*Data in this exercise:*
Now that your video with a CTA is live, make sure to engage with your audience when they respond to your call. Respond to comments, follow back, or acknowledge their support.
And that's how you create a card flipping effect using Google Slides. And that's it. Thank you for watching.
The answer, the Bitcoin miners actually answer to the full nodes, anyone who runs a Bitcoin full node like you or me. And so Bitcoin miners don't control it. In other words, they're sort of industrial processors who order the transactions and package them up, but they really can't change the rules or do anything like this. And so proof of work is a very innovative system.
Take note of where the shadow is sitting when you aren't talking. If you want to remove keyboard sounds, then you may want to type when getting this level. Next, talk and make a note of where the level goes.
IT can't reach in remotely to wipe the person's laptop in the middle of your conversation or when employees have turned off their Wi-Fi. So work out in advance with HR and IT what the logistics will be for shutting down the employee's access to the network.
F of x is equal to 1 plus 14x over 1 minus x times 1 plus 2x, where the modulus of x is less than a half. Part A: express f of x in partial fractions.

--

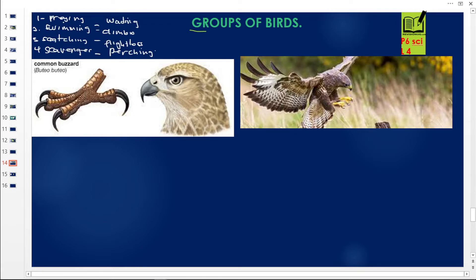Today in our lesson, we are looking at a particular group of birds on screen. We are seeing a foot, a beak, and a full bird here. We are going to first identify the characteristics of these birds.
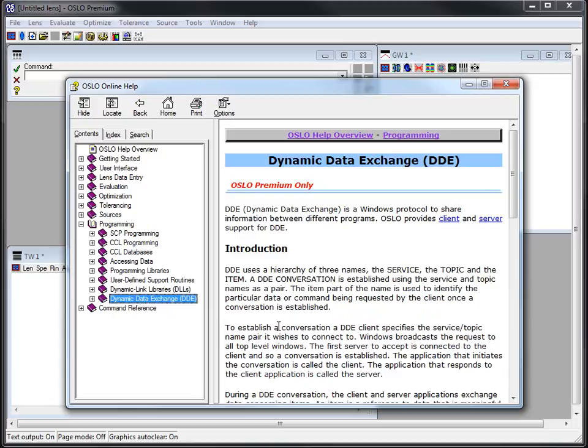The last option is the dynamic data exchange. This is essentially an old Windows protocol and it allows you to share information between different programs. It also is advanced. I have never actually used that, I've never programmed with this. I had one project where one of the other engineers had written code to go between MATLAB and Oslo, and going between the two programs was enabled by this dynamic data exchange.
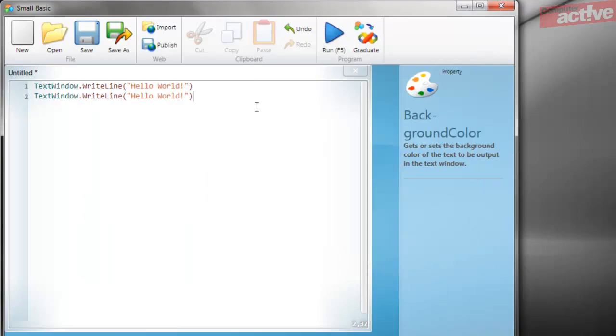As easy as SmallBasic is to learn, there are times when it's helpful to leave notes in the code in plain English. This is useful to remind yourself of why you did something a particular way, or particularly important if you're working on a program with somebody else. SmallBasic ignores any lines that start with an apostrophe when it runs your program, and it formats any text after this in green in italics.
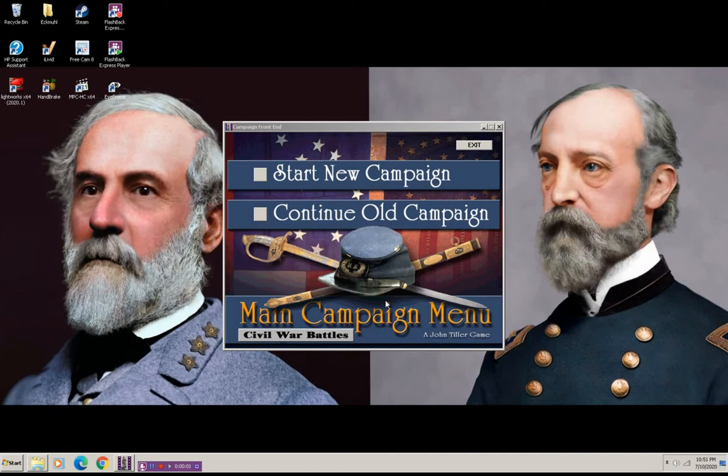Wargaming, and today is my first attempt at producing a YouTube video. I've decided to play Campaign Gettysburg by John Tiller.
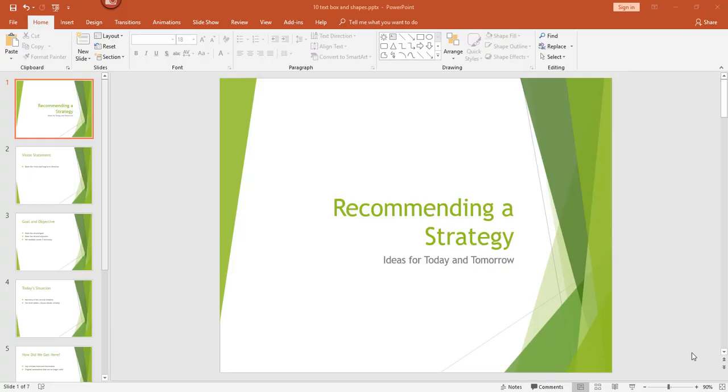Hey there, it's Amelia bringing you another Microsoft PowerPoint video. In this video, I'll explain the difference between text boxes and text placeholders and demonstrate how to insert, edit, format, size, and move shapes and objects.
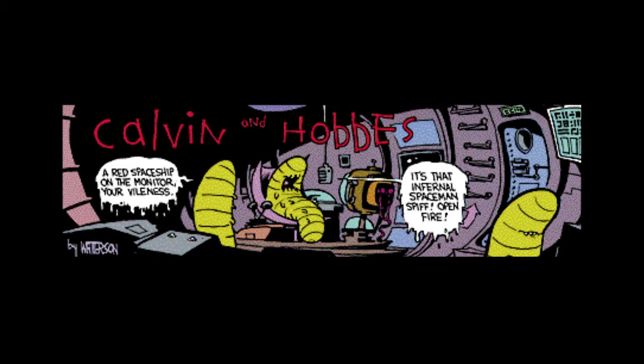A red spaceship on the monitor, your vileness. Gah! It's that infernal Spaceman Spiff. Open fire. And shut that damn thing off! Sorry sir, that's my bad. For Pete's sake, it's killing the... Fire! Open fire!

...

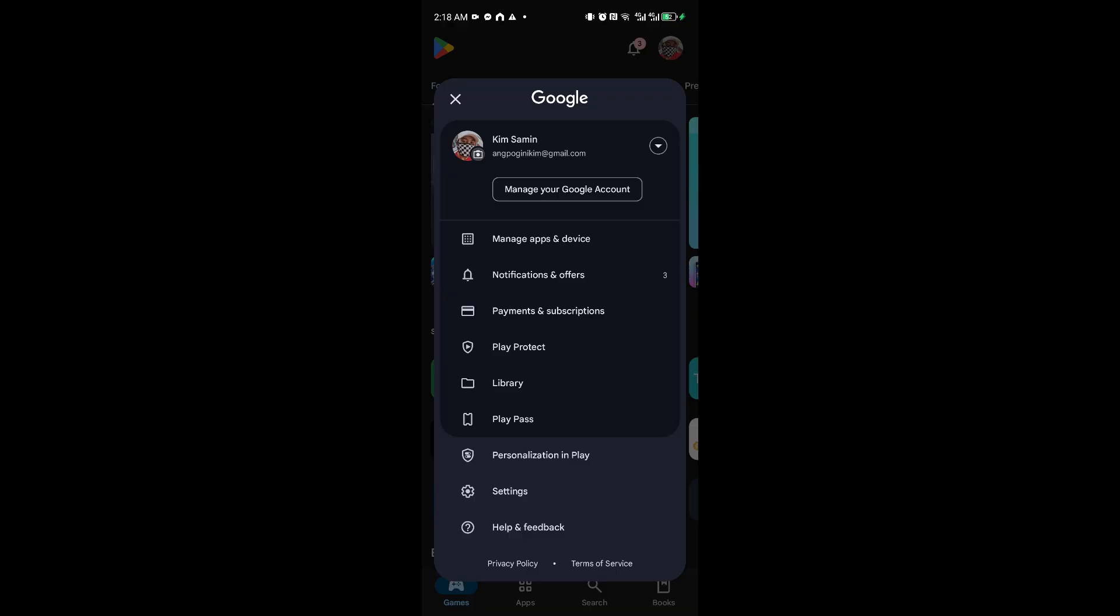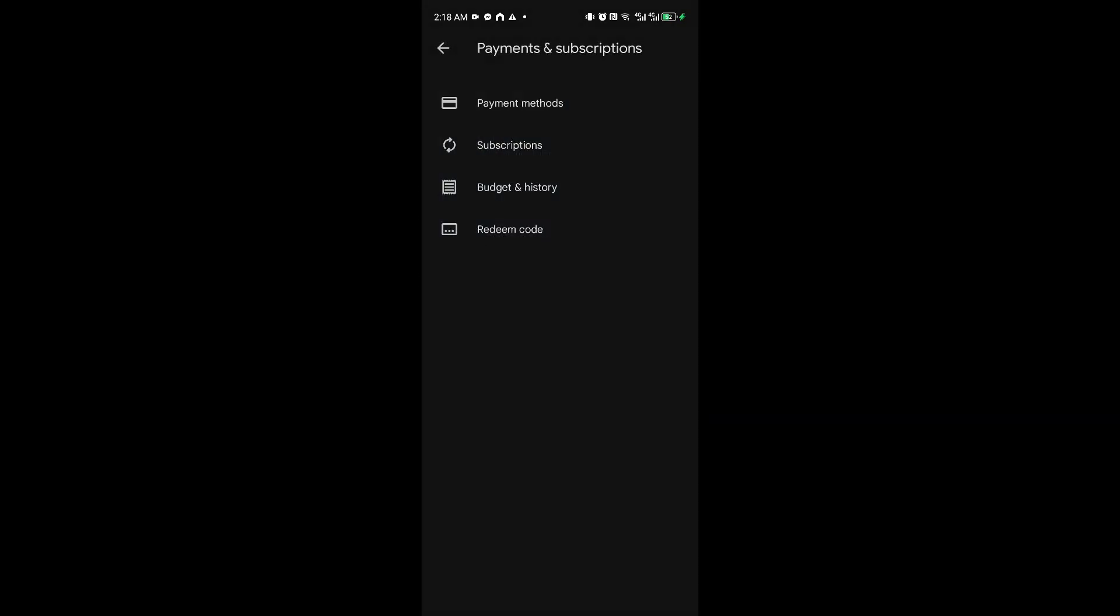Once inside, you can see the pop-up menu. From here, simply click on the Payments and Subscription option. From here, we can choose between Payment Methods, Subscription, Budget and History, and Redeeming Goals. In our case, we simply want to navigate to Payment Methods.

*Your instructions:*
Within the material above, the line with "Take note of" opens the range and the line with "F of x is equal" closes it; reproduce that range word for word.

*Exercise solution:*
Take note of where the shadow is sitting when you aren't talking. If you want to remove keyboard sounds, then you may want to type when getting this level. Next, talk and make a note of where the level goes.
IT can't reach in remotely to wipe the person's laptop in the middle of your conversation or when employees have turned off their Wi-Fi. So work out in advance with HR and IT what the logistics will be for shutting down the employee's access to the network.
F of x is equal to 1 plus 14x over 1 minus x times 1 plus 2x, where the modulus of x is less than a half. Part A: express f of x in partial fractions.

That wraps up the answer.